Dataset section.
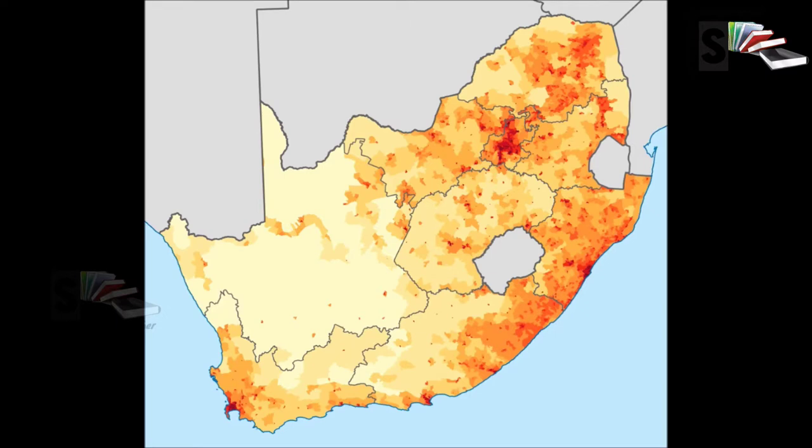Thematic maps are maps that are designed to focus on the spatial variability of a specific distribution, such as population density or weather.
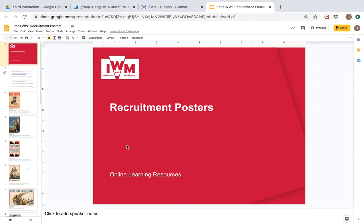For our task today we're going to be looking at recruitment posters. This collection is all taken from the Imperial War Museum. There's a fantastic collection of World War I posters here, and some of them are taken from a book in my classroom called Weapons of Mass Communication. Almost 100 years before the advent of social media, Twitter, Facebook, governments needed powerful ways to communicate to their population.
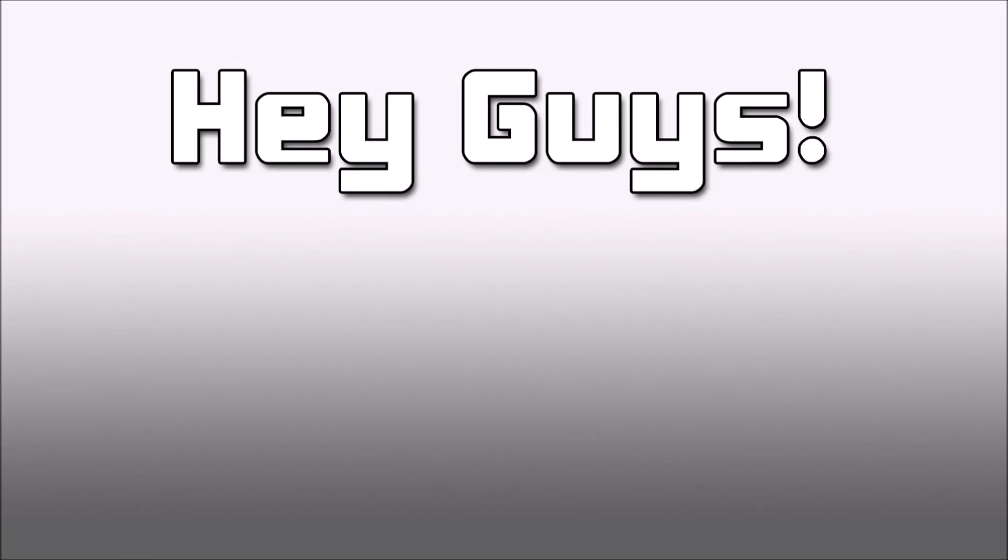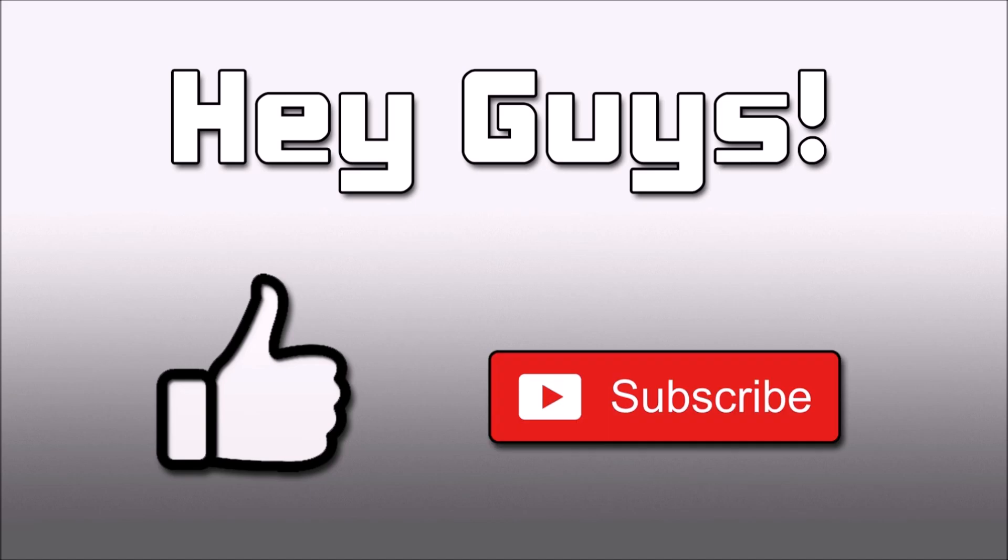Hey guys, if you enjoy the video, make sure you hit that like button. If you're new here, subscribe. Now, let's jump right into the video.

What you are asked to do. Transcribe exactly the lines from the one holding "For our task" through the final line of the material above, both ends included; any pictures should be dropped.

Task response.
For our task today we're going to be looking at recruitment posters. This collection is all taken from the Imperial War Museum. There's a fantastic collection of World War I posters here, and some of them are taken from a book in my classroom called Weapons of Mass Communication. Almost 100 years before the advent of social media, Twitter, Facebook, governments needed powerful ways to communicate to their population.
Hey guys, if you enjoy the video, make sure you hit that like button. If you're new here, subscribe. Now, let's jump right into the video.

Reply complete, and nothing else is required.